EXERCISE INSTRUCTIONS: What you write should match, word for word, the lines from the one containing "MaxTool™ Trådløst verktøysett" through the end of the data, with no pictures.

DATA BELOW:
++++++

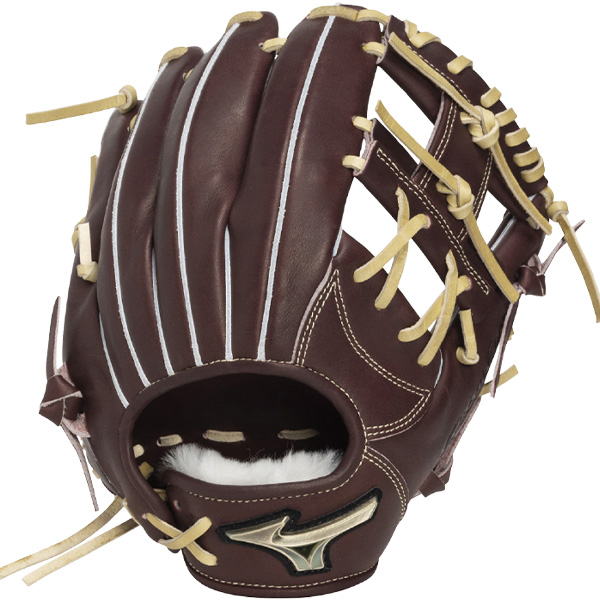 MIZUNO（ミズノ） 野球 グローブ 硬式 グローバルエリート 硬式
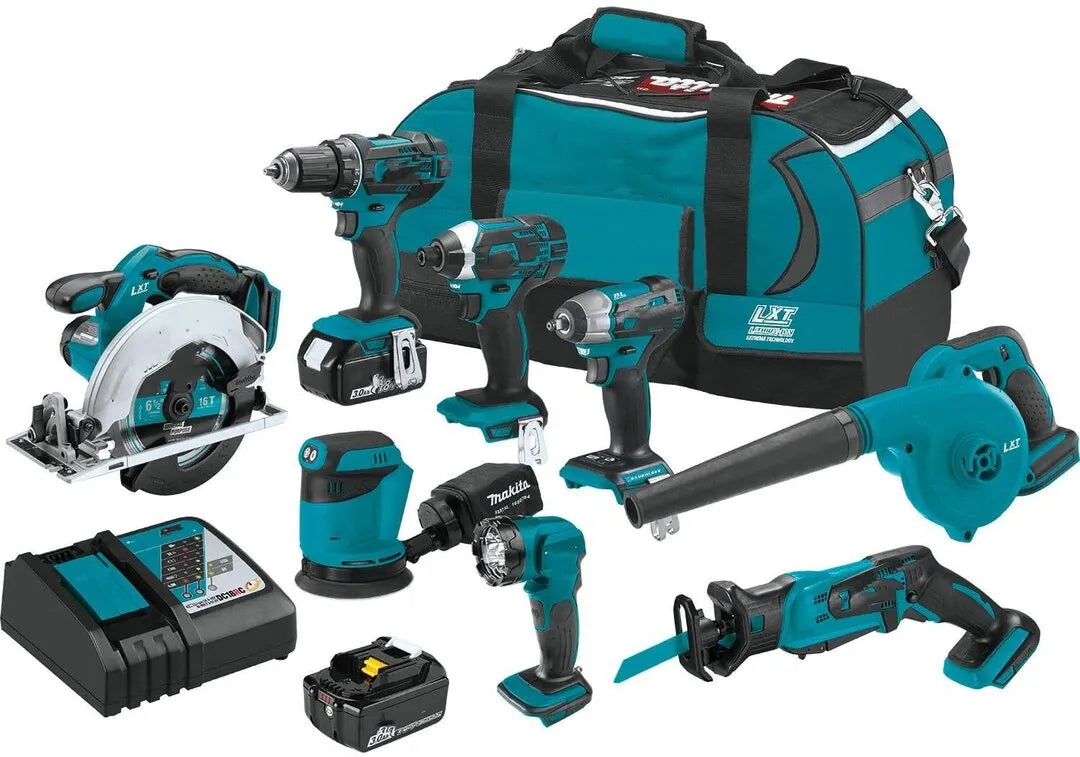 MaxTool™ Trådløst verktøysett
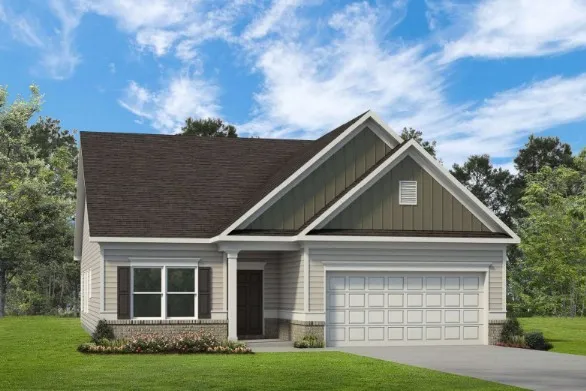 $444,325 | 508 Charing Cross Drive, Lebanon, TN 37087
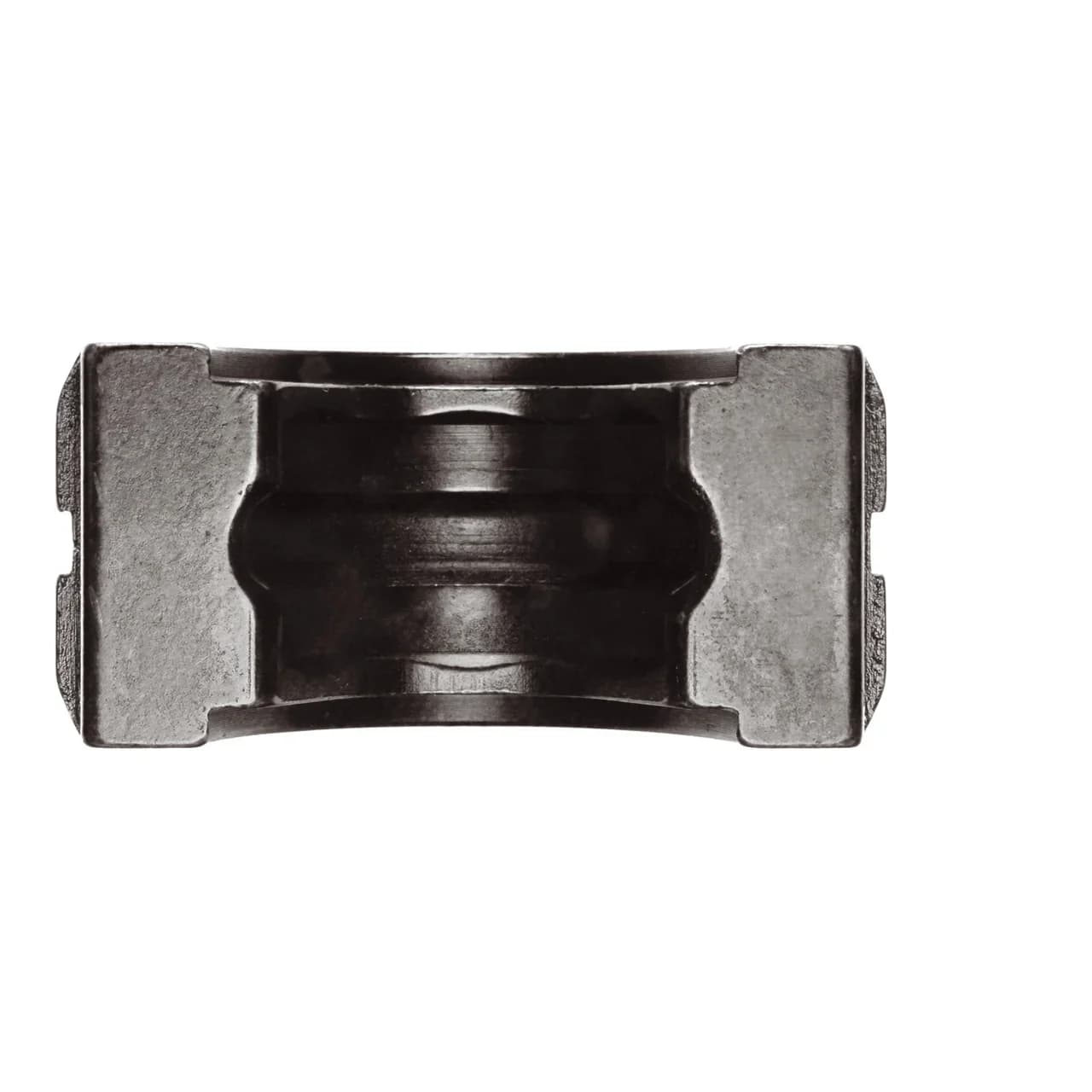 Ganascia per Prese a V in Acciaio VIRAX Φ16 mm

++++++

TASK RESPONSE:
 MaxTool™ Trådløst verktøysett
 $444,325 | 508 Charing Cross Drive, Lebanon, TN 37087
 Ganascia per Prese a V in Acciaio VIRAX Φ16 mm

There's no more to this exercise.